Evidentemente in Vaticano c’è qualcuno che ha del tempo da perdere. Con tutti i drammatici problemi che assillano l’umanità è possibile che ci si preoccupi di offrire “un punto di vista teologico” alla questione della conservazione delle ceneri conseguenti alla cremazione dei cadaveri? Forse sarebbe meglio impegnarsi per evitare di fare tanti e tanti cadaveri…

Mio cugino raccontava una macabra gag riguardante il disturbo che veniva arrecato all’abitazione dei famigliari di un defunto le cui ceneri venivano conservate in casa, in un’apposita teca: parenti e amici si recavano a questo domicilio per rendere omaggio alle ceneri e la famiglia non sapeva più come difendersi da questo continuo via-vai pseudo-cimiteriale.

Mio padre, nella sua attività di artigiano-imbianchino, aveva un garzone soprannominato “stanco” – un nomignolo che era tutto un programma – per i piedi piatti, l’incedere lento e caracollante, il parlare incerto ed assonnato. Questo ne combinava di tutti i colori, ma era anche oggetto, conseguentemente, di scherzi a volte pesanti che mio padre si sforzava di contenere e di respingere. Durante i lavori di rifacimento di alcune cappelle cimiteriali il povero “Stanco” fu preso di mira bonariamente da due becchini che, anche per sdrammatizzare il loro ingrato mestiere, gli proposero l’acquisto di una “cassa da morto” usata, ancora in buone condizioni dopo l’esumazione del relativo cadavere. “A t’ fèmma un prési bón, s’a t’ gh’è ‘na cantén’na sutta a te gh’la mètt, a t’ fè un afaron”. E più Stanco si scherniva più i becchini insistevano: pose fine alla macabra querelle mio padre offrendo a tutti il solito bicchiere di vino pacificatore.
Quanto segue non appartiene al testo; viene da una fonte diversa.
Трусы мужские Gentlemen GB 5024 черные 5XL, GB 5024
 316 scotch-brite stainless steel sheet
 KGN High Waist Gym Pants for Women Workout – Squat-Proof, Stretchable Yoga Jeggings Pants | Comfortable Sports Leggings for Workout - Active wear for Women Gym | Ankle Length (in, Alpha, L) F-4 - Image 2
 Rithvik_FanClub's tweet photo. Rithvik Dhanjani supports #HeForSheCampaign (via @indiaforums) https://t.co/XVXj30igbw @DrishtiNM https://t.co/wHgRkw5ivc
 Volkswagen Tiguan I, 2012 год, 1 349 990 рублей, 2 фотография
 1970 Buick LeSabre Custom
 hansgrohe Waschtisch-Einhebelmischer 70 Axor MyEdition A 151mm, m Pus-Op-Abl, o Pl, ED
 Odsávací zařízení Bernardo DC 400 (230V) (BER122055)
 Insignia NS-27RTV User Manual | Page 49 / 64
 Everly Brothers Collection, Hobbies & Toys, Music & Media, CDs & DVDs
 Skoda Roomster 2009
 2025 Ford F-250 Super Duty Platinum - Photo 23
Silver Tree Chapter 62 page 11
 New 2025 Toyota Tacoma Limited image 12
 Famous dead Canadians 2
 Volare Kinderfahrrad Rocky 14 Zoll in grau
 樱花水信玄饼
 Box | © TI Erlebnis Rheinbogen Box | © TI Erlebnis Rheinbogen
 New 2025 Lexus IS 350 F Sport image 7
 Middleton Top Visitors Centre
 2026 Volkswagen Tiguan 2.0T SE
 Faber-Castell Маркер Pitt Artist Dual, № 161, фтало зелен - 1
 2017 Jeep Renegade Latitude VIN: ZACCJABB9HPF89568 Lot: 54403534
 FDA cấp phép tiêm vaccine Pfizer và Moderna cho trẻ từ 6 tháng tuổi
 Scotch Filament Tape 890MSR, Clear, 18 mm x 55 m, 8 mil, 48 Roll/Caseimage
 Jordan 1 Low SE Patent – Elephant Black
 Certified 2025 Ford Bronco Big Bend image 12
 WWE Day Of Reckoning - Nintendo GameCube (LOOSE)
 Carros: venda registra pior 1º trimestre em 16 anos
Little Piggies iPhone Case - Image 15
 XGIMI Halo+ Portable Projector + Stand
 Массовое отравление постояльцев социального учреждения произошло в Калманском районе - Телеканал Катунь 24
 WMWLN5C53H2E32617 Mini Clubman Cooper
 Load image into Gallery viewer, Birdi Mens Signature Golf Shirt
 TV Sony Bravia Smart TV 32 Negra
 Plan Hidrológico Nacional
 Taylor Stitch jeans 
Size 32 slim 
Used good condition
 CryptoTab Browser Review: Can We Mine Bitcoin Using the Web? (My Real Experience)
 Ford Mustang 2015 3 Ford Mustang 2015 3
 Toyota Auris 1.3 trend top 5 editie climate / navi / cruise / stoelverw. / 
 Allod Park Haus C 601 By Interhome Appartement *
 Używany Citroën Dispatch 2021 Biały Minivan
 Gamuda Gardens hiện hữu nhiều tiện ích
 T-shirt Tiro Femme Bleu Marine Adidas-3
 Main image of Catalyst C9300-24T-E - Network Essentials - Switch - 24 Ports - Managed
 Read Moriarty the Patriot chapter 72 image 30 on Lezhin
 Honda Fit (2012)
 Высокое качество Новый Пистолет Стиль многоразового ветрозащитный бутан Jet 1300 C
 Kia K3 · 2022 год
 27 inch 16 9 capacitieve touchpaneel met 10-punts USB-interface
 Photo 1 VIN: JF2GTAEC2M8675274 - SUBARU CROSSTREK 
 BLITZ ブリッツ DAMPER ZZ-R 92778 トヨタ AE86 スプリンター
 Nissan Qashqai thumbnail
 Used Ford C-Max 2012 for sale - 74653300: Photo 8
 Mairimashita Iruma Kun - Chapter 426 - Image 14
Ma non è finita qui. Mio padre raccontava di un’altra scena a cui aveva assistito a livello cimiteriale: due becchini impegnati nel loro servizio di esumazione dei cadaveri, che stavano per buttare nel forno crematorio i resti di persone non meglio precisate e senza riferimenti parentali. Uno chiese all’altro: “Ät  tgnu indrè j òs äd cla vcénna?”. “No, am son scordè…mo l’é li stéss…” e prese alcune ossa di un altro soggetto e le mise sbrigativamente nella cassetta destinata ai resti della vecchietta.

Ho richiamato questi episodi per sdrammatizzare un problema se non falso quanto meno secondario. Se proprio vogliamo prendere sul serio la questione, dirò che non mi farò cremare per motivi culturali di rispetto verso il corpo che deve essere lasciato al suo destino naturale.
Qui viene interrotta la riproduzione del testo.